Melatonin exerts anti-fibrinolytic effects by regulating IL-10-induced changes in uPA, uPAR, and PAI-1 expression/production in human dental pulp cells

Interleukin-10 (IL-10) is a pro-inflammatory cytokine and its expression is increased in inflamed dental pulp. IL-10 affects plasminogen activation system molecules, which are crucial for tissue inflammation, fibrinolysis, matrix turnover, and cell adhesion and migration. Melatonin, which provides circadian and seasonal signals, is a physiological endocrine generated by the pineal gland.
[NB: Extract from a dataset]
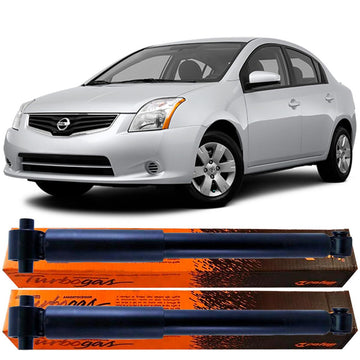 Amortecedor Traseiro Sentra 2008 2009 2010 2011 2012 Cofap - NPX Imports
It has anti-oxidant and anti-inflammatory properties. Studies are warranted to determine whether melatonin prevents IL-10 -induced expression/production of plasminogen system molecules. Human dental pulp cells (HDPCs) were exposed to IL-10 or melatonin alone or to IL-10 with/without pretreatment with melatonin or other inhibitors. The mRNA expression of uPA, uPAR, and PAI-1 was quantified using real-time polymerase chain reaction analysis. The cellular uPA, PAI-1, and soluble uPAR (suPAR) production was determined using an enzyme -linked immunosorbent assay. Signaling molecules' protein expression was analyzed by immunofluorescent staining. We found that IL-10 (0.1e10 ng/mL) stimulated uPA and uPAR expression/production but inhibited PAI-1 expression/ production of HDPCs. Melatonin inhibited uPA but stimulated uPAR/suPAR and PAI-1 expression/production. Intriguingly, melatonin prevented IL-10 -induced uPA mRNA expression/production. Conversely, melatonin enhanced the IL-10 -induced uPAR and PAI-1 mRNA expression/protein production of HDPCs. IL-10 -induced suPAR production was attenuated by U0126 (a MEK/ERK inhibitor), SB203580 (a p38 inhibitor), and 5Z-7oxozeaenol (a TAK1 inhibitor), whereas SB203580 prevented an IL-10 -induced decline of PAI-1 production. Moreover, melatonin attenuated the IL-10 -induced p-ERK, p-p38, p-Akt and p-TAK1. These results revealed the crucial role of IL-10 in the pathogenesis of pulpal inflammation/repair via stimulation of uPA and uPAR and inhibition of PAI-1, which can be differentially regulated by p38, Akt, MEK/ERK, and TAK1. Melatonin exerts an anti-fibrinolytic effect on IL-10 -induced changes in uPA, uPAR, and PAI-1 in HDPCs. Clinically, the melatonin levels of patients may affect pulpal inflammatory response. Melatonin and signal transduction inhibitors may be administered concomitantly for the prevention and treatment of pulpal inflam-matory diseases.